Inaugurations used to be held on March 4. This was the date used until 1934. As Garrett Epps points out in the January/February 2009 Atlantic:
This long delay nearly destroyed the nation after the 1860 election. During the disastrous “secession winter,” Abraham Lincoln waited in Illinois while his feckless predecessor, James Buchanan, permitted secessionists to seize federal arsenals and forts. By March 1861, when Lincoln took office, the Civil War was nearly lost, though officially it had not even begun.
In 1932, Franklin Roosevelt crushed the incumbent, Herbert Hoover, but had to wait four months to take office. During that period, Hoover attempted to force the president-elect to abandon his proposals for economic reform. Roosevelt refused to commit himself, but the resulting uncertainty led the financial system to the brink of collapse.”
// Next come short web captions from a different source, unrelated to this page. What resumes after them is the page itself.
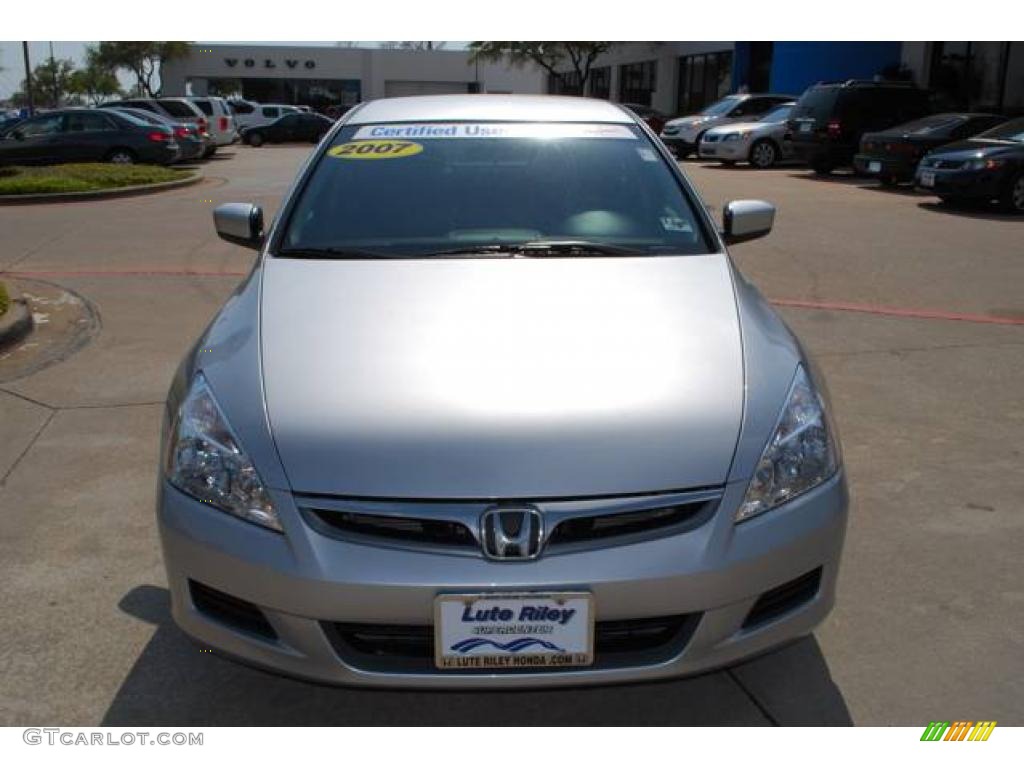 2007 Accord SE Sedan - Alabaster Silver Metallic / Black photo #2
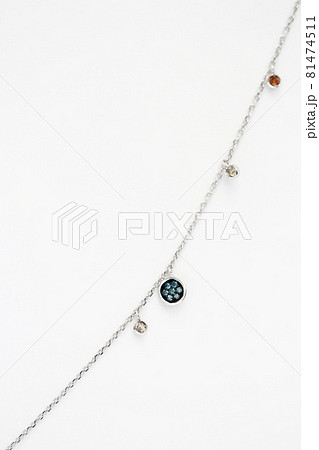 アクセサリー 金の ガラス 81474511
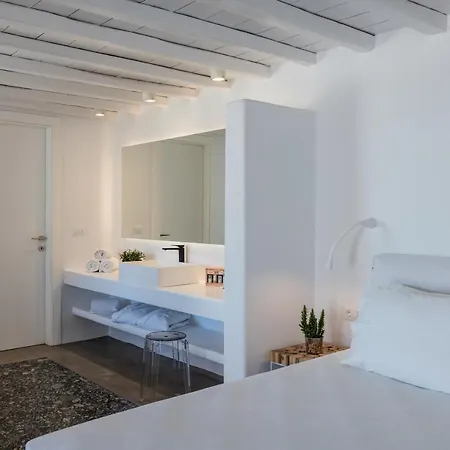 Sara Mykonos *
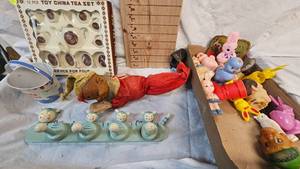 lot 73 image: Vintage Toy Lot and Tea Set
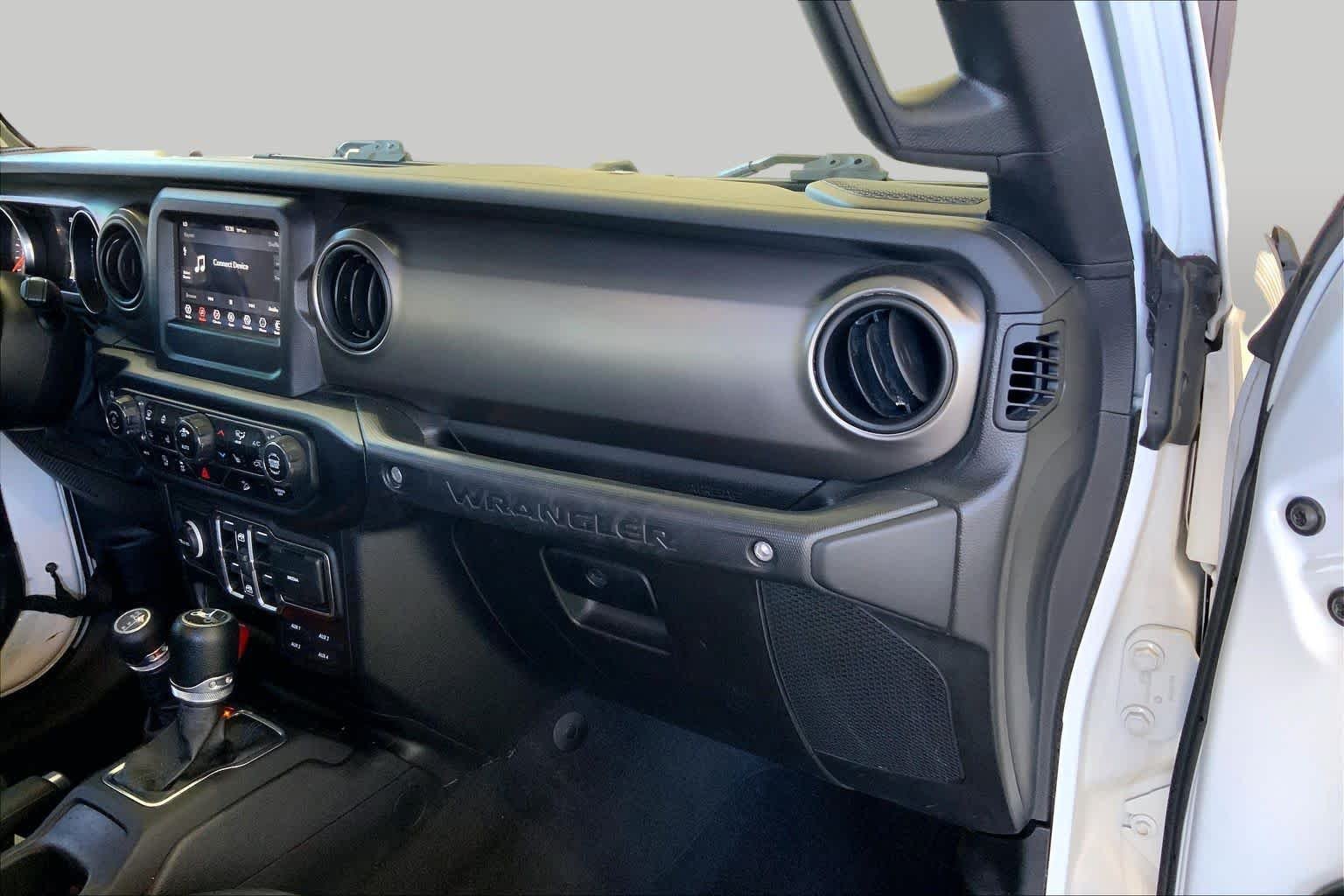 Used 2020 Bright White Clearcoat Jeep Willys Sport image 18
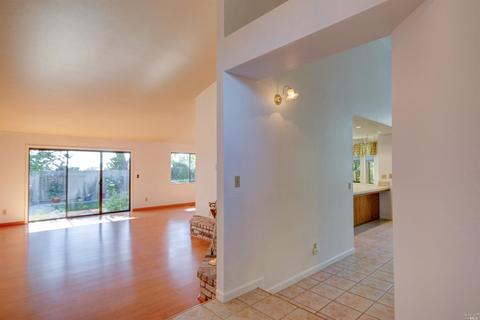 304 Sandy Neck Way, Vallejo, CA 94591 photo 2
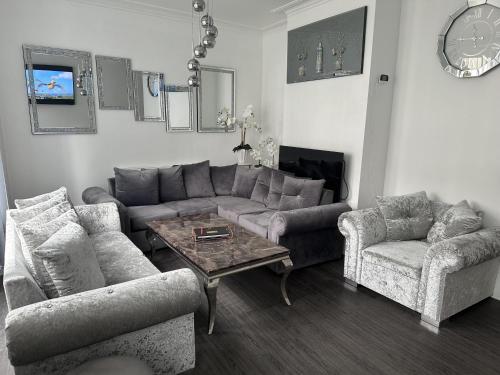un soggiorno con divano, 2 sedie e tavolo di House - Sleeps 6 - Garden - Seaside - Pet Friendly a Great Yarmouth
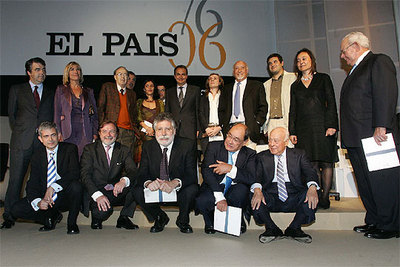 De izquierda a derecha, de pie, Alfonso López Casas, Julia Otero, José Vidal Beneyto, Matías Vallés, Marisa Goñi, Felipe Armendáriz, José Luis Rodríguez Zapatero, Luisa Castro, Manuel Vicent, Sergio Caro, Sandra Balsells e Ignacio Lozano. Abajo, Javier Moreno, Juan Luis Cebrián, Joaquín Estefanía, Jesús Ceberio y Jesús de Polanco.
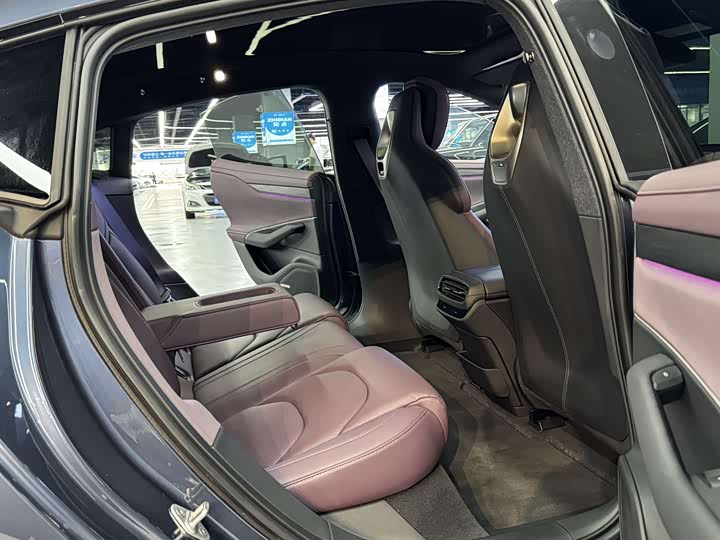 Фото 19 - Xiaomi SU7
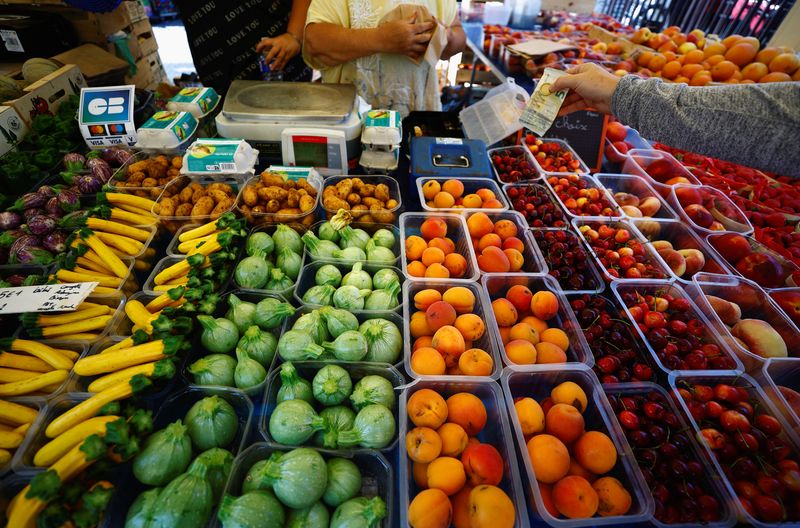 &copy; Reuters. Photo d'acheteurs achetant des fruits sur un marché local à Nice. /Photo prise le 26 avril 2023 à Nice, France/REUTERS/Eric Gaillard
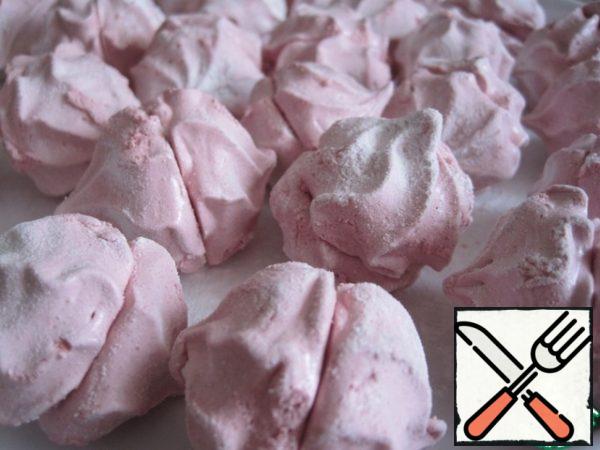 At the end of the day, sprinkle the marshmallows with powdered sugar and combine the marshmallows in pairs.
Obviously the long interregnum was not working out. The Twentieth Amendment, passed in 1933, cut the waiting period nearly in half. As the website infoplease explains:
The Twentieth Amendment, sometimes called the Lame Duck Amendment, was introduced to amend the Twelfth Amendment and shorten the time an outgoing President and member of Congress could be a “lame duck” -that is, a public official who continues to serve after an election and before a successor’s assumption of office. The Twentieth Amendment moved the President’s start date up to January 20 – two weeks after the Electoral College’s votes are certified by the president of the Senate.”
Assuming there is ever any question that must be resolved by a vote certification, this gives the winning candidate a short, but decent, time to prepare.